The NiMH does also look fine.
Measurements USB output
- The charger can only use one battery for the usb output and it has to be a LiIon battery.
- USB out does not turn off when loaded with 200% of rated output
- When battery is empty, the output will be turned off, but there is still drained about 5mA from the battery.
- Output is turned off when battery voltage is slightly above 3 volt, making it useable for all 3.6/3.7 volt LiIon batteries.
- Usb output is coded as Apple 1A
The output is rated at 1A and can easily deliver 2A (To not blow the usb output I stopped at 2A).
At 1A output it has a good efficiency and runs for about 1 3/4 hour. The output turns off when the battery is down to about 3.1 volt, but it still has a current drain of about 5mA from the battery.
Reducing the current to 0.5A improves the efficiency slightly and more than doubles the time it can run.
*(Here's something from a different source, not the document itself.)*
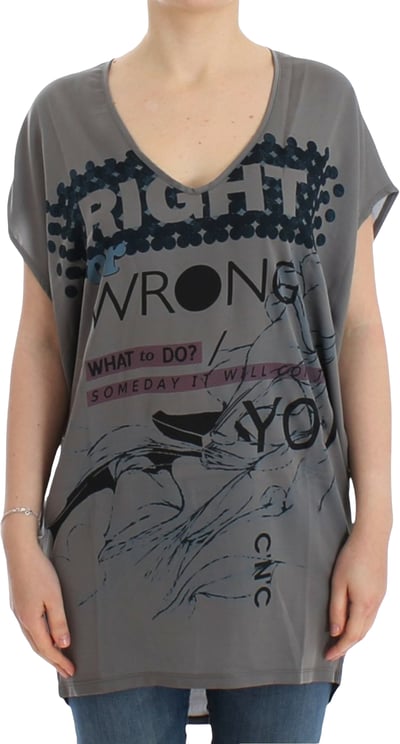 Costume National Costume National Gray V-neck long t-shirt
A 2600mAh gives shorter runtime.
And a 3400mAh gives longer runtime.
The usb output has very little noise, only about 7mV at 1A (67mVpp).
At 0.5A the noise is about the same (6mV and 65mVpp).
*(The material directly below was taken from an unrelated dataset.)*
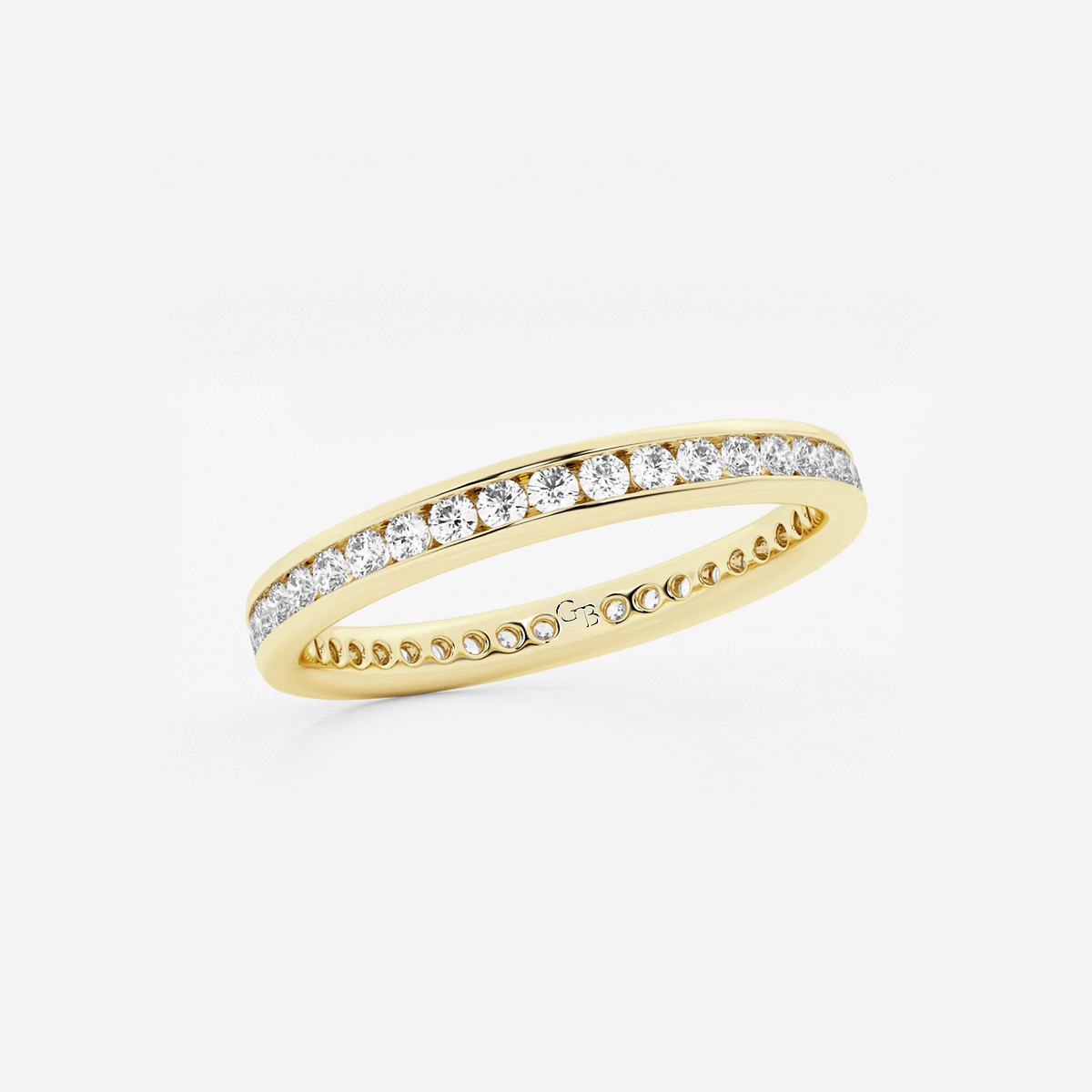 1 ctw Round Lab Grown Diamond Channel Set Eternity Band - 3mm Width 14K Yellow Gold, E+, VS1+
Testing with 2500 volt and 5000 volt between mains and low volt side, did not show any safety problems.
Conclusion
The charger has many functions of varying quality:
- The LiIon charger is good and support a wide variety of cell sizes, this is as expected from Xtar.
- The NiMH charger obvious has a bug in the "end of charger" detection and is not very useful.
- The NiMH discharge function is too limited with only one slot and only a slow discharge.
- The USB output delivers very good power, low noise and stable voltage, but do not leave a empty battery in slot #4 for days.
- The charger gets hot while working at maximum current, the battery temperature is just at the allowable limit. I would have preferred both the box and the batteries where considerable cooler, this heat does wear the batteries down faster.
Generally it is a good quad LiIon charger, but the NiMH function is not very good before Xtar get it fixed.
Notes
The charger was supplied by Xtar for a review, I believe it is the second production batch.